# Code Demonstrating Bag of Words 

## Import the **`CountVectorizer`** class from the **`sklearn.feature_extraction.text`** module. This class helps us create the bag of words representation.

In [3]:
from sklearn.feature_extraction.text import CountVectorizer

## Define a list named **`sentences`** containing three sample sentences that we want to analyze using the bag of words approach.

In [4]:
sentences = [
    "I love to play cricket",
    "cricket is exciting sport",
    "playing cricket is a great habit"
]

In [5]:
# Initialize the CountVectorizer
vectorizer = CountVectorizer()

## Created an object of the **`CountVectorizer`** class. This object is helpful to convert the text data into a bag of words representation.

In [6]:
# Fit and transform the sentences to create the bag of words representation
bag_of_words = vectorizer.fit_transform(sentences)

## The **`fit_transform`** method is used to convert the list of sentences into a bag of words representation. This method fits the vectorizer to the text data and transforms the sentences into a matrix

In [12]:
# Get the vocabulary (unique words) and their indices. We retrieve the vocabulary, which consists of the unique words found in the sentences, using the **`get_feature_names_out()`** method of the vectorizer.
vocab = vectorizer.get_feature_names_out()
print("Vocabulary:", vocab)

Vocabulary: ['cricket' 'exciting' 'great' 'habit' 'is' 'love' 'play' 'playing' 'sport'
 'to']


In [13]:
# Convert the bag_of_words matrix to an array
bag_of_words_array = bag_of_words.toarray()
print("Bag of Words Representation:\n", bag_of_words_array)

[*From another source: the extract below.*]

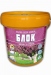 https://arita.ua/images/products/pobelka-sadovaya-zaschitnaya-blok-kreyda-14-kg-1609074641-1171883884.jpg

Bag of Words Representation:
 [[1 0 0 0 0 1 1 0 0 1]
 [1 1 0 0 1 0 0 0 1 0]
 [1 0 1 1 1 0 0 1 0 0]]


## Use the **`toarray()`** method to convert the bag of words matrix into a 2D NumPy array named **`bag_of_words_array`**. Each row of this array corresponds to a sentence, and each column corresponds to a word in the vocabulary. The array contains the word counts for each word in each sentence.